You don't like hanging chads? Get ready for cheating chips and doctored drives.
This article appeared on Forbes.com. It is reposted with permission of the author.
I am a computer scientist. I own seven Macintosh computers, one Windows machine and a Palm Treo 700p with a GPS unit, and I chose my car (Infiniti M35x) because it had the most gadgets of any vehicle in its class. My 7-year-old daughter uses e-mail. So why am I advocating the use of 17th-century technology for voting in the 21st century--as one of my critics puts it?
The 2000 debacle in Florida spurred a rush to computerize voting. In 2002 Congress passed the Help America Vote Act, which handed out $2.6 billion to spend on voting machines. Most of that cash was used to acquire Direct Recording Electronic voting machines.
Yet while computers are very proficient at counting, displaying choices and producing records, we should not rely on computers alone to count votes in public elections. The people who program them make mistakes, and, safeguards aside, they are more vulnerable to manipulation than most people realize. Even an event as common as a power glitch could cause a hard disk to fail or a magnetic card that holds votes to permanently lose its data. The only remedy then: Ask voters to come back to the polls. In a 2003 election in Boone County, Ind., DREs recorded 144,000 votes in one precinct populated with fewer than 6,000 registered voters. Though election officials caught the error, it's easy to imagine a scenario where such mistakes would go undetected until after a victor has been declared.
Consider one simple mode of attack that has already proved effective on a widely used DRE, the Accuvote made by Diebold. It's called overwriting the boot loader, the software that runs first when the machine is booted up. The boot loader controls which operating system loads, so it is the most security-critical piece of the machine. In overwriting it an attacker can, for example, make the machine count every fifth Republican vote as a Democratic vote, swap the vote outcome at the end of the election or produce a completely fabricated result. To stage this attack, a night janitor at the polling place would need only a few seconds' worth of access to the computer's memory card slot.

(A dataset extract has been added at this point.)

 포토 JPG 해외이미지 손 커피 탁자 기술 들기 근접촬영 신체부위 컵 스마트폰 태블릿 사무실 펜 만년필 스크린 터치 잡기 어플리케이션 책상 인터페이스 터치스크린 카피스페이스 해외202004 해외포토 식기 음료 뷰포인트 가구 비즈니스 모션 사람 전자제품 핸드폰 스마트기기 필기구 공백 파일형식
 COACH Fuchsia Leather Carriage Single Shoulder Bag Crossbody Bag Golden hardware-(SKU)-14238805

Further, an attacker can modify what's known as the ballot definition file on the memory card. The outcome: Votes for two candidates for a particular office are swapped. This attack works by programming the software to recognize the precinct number where the machine is situated. If the attack code limits its execution to precincts that are statistically close but still favor a particular party, it goes unnoticed.

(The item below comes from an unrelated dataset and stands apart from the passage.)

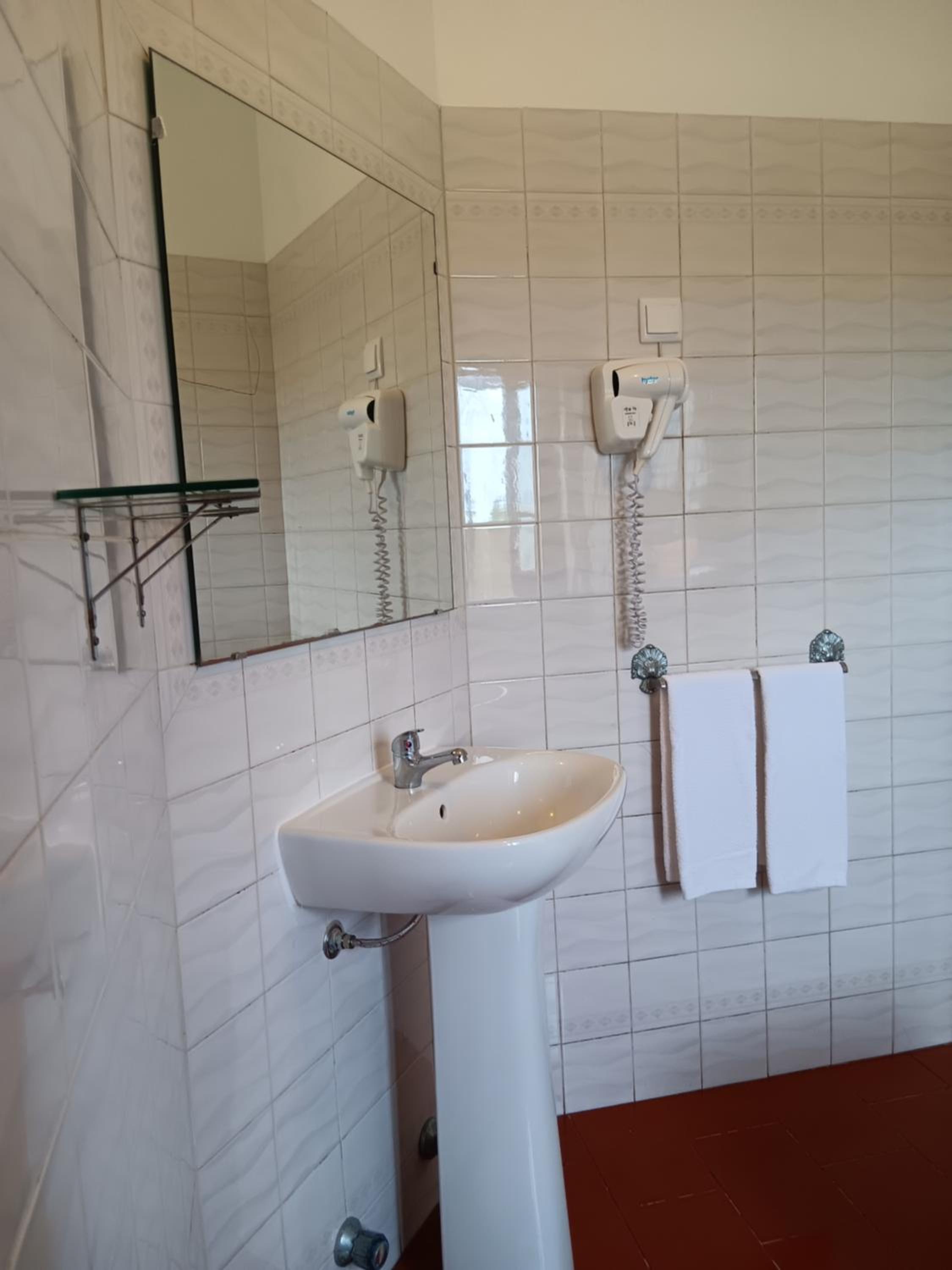 Double Room - Photo 10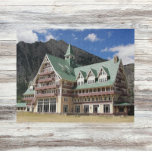 Puzzle Parc national des Lacs-Waterton, Canada<br><div class="desc">Un puzzle stimulant qui présente une photo d'une belle maison de style chalet,  Prince of Wales Hotel,  situé dans le parc national des Lacs-Waterton,  Alberta,  Canada. Amusant pour toute la famille ! Sélectionnez la taille de votre puzzle.</div>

One might argue that one way to prevent this attack is to randomize the precinct numbers inside the software. But that's an argument made in hindsight. If the defense against the attack is not built into the voting system, the attack will work, and there are virtually limitless ways to attack a system. And let's not count on hiring 24-hour security guards to protect voting machines.
DREs have a transparency problem: You can't easily discover if they've been tinkered with. It's one thing to suspect that officials have miscounted hanging chads but something else entirely for people to wonder whether a corrupt programmer working behind the scenes has rigged a computer to help his side.

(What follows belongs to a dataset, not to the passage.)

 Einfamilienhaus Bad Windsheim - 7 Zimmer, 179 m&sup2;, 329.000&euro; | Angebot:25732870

My ideal system isn't entirely Luddite. It physically separates the candidate selection process from vote casting. Voters make their selections on a touchscreen machine, but the machine does not tabulate votes. It simply prints out paper ballots with the voters' choices marked. The voters review the paper ballots to make sure the votes have been properly recorded. Then the votes are counted; one way is by running them through an optical scanner. After the polls close, some number of precincts are chosen at random, and the ballots are hand counted and compared with the optical scan totals to make sure they are accurate. The beauty of this system is that it leaves a tangible audit trail. Even the designer of the system cannot cheat if the voters check the printed ballots and if the optical scanners are audited.
Aviel Rubin, professor of computer science at Johns Hopkins University and author of Brave New Ballot: The Battle To Safeguard Democracy In The Age Of Electronic Voting.